Copy number genotypes were estimated using read depth as described in ref. 16. In brief, read depth was quantified from BAMs in 1,000-bp sliding windows in 200-bp steps across the genome. These depths were then normalized to a control region in which no evidence of copy number variation was observed in more than 4,000 individuals. Depth-based ‘raw’ estimates of copy number were then calculated by averaging these estimates over regions of interest. Regions used for genotyping are found in Supplementary Table 10. We note that the AMY2Ap pseudogene is a partial duplication of AMY2A that excludes the approximately 4,500 bp of the 5′ end of the gene. This region can thus be used to genotype the AMY2A copy without ‘double counting’ AMY2Ap gene duplicates. Copy number genotype likelihoods were estimated by fitting modified Gaussian mixture model to raw copy estimates across all individuals with the following parameters: k, the number of mixture components, set to be the difference between the highest and lowest integer-value copy numbers observed; π, a k-dimensional vector of mixture weights; σ, a single-variance term for mixture components; and o, an offset term by which the means of all mixture components are shifted. The difference between mixture component means was fixed at 1, and the model was fit using expectation maximization (Supplementary Fig. 1). The copy number maximizing the likelihood function was used as the estimated copy number for each individual in subsequent analyses. Comparing these maximum likelihood copy number estimates with droplet digital PCR yielded very high concordance with r2 = 0.98, 0.99 and 0.96 for AMY1, AMY2A and AMY2B, respectively (Supplementary Fig. 1). For comparisons of copy number as a function of sustenance, populations were downsampled to a maximum of 50 individuals. We also used a linear mixed effects model approach in which all samples were maintained, which provided similar results (P = 0.013, P = 0.058 and P = 0.684 for AMY1, AMY2A and AMY2B, respectively).

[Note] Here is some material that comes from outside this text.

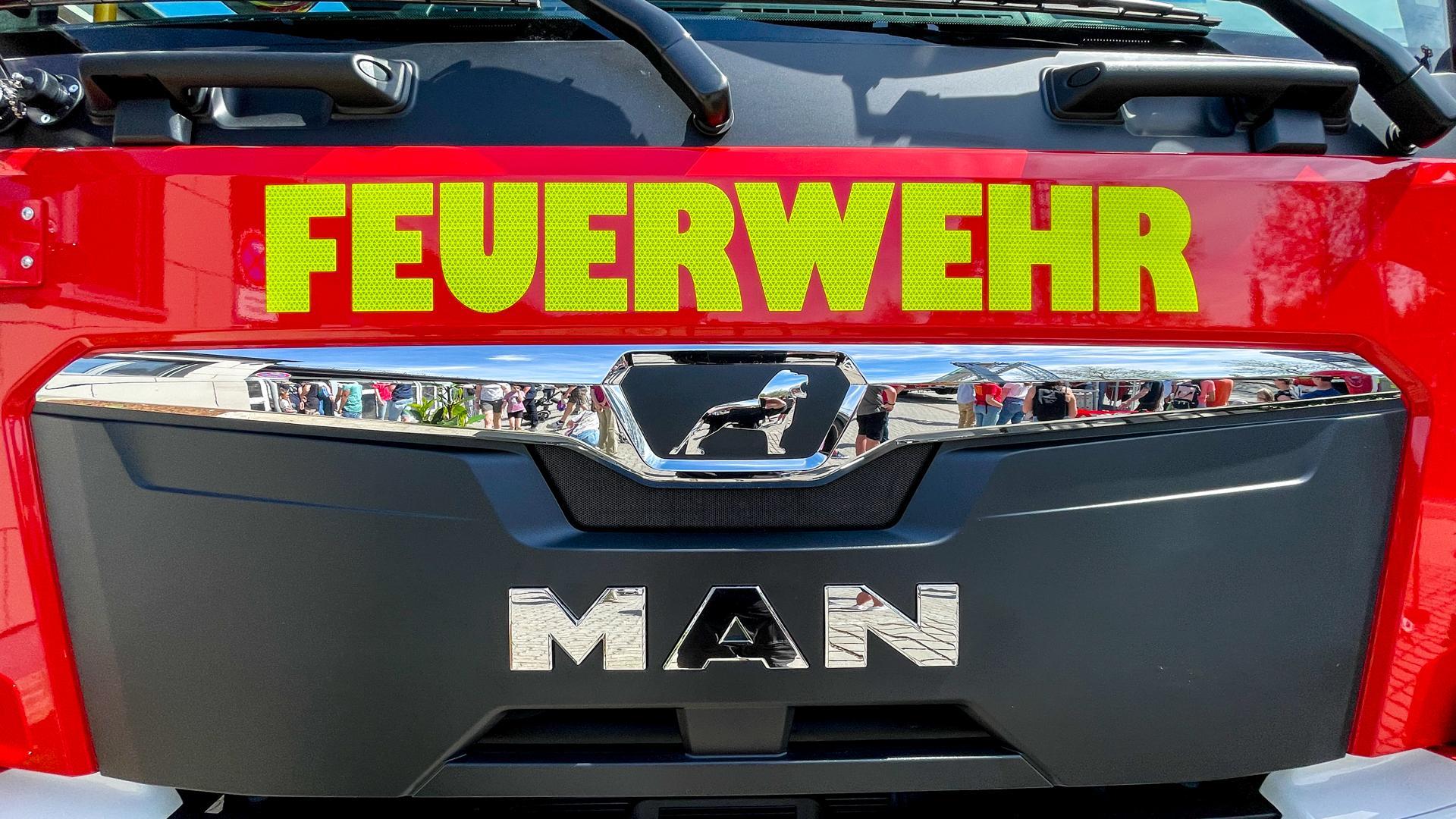 Die Feuerwehren aus Sulzbach und Rosenberg mussten eine brennende Garage löschen, aus der zuvor ein Knall zu vernehmen war. (Symbolbild: Alexander Unger)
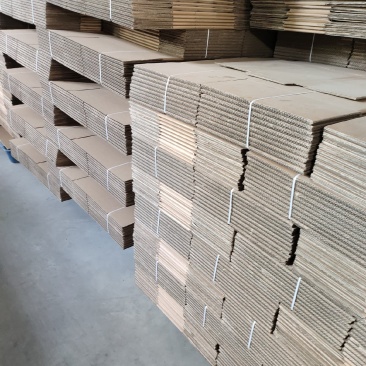 库存纸箱5万只按吨卖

Analysis of gene expression

Gene expression data from the GTEx project21 were downloaded alongside short-read data (see above section). Normalized gene expression values for AMY2A and AMY2B were compared with copy number estimates using linear regression (Extended Data Fig. 2).

MAP-graph construction

Regions overlapping the amylase locus were extracted from genome assemblies in two different ways. First, we constructed a PanGenome Research Tool Kit (PGR-TK) database from the HPRC year 1 genome assemblies and used the default parameters of w = 80, k = 56, r = 4 and min-span = 64 for building the sequence database index. The GRCh38 chromosome 1: 103655518–103664551 was then used to identify corresponding AMY1/AMY2A/AMY2B regions across these individuals. Additional assemblies were subsequently added to our analysis by using minimap2 (ref. 64) to extract the amylase locus from those genome assemblies. The MAP-graph and the principal bundles were generated using revision (v0.4.0; git commit hash: ed55d6a8). The Python scripts and the parameters used for generating the principal bundle decomposition can be found in the associated GitHub repository. The position of genes along haplotypes was determined by mapping gene modes to haplotypes using minimap2 (ref. 64).

Analysis of mutations at amylase genes

To identify mutations in amylase genes from long-read assemblies and evaluate their functional impact, we first aligned all amylase gene sequences to AMY1A, AMY2A and AMY2B sequences on GRCh38 using minimap2 (ref. 64). We then used paftools.js64 for variant calling, and vep-v.105.0 (ref. 65) for variant effect prediction.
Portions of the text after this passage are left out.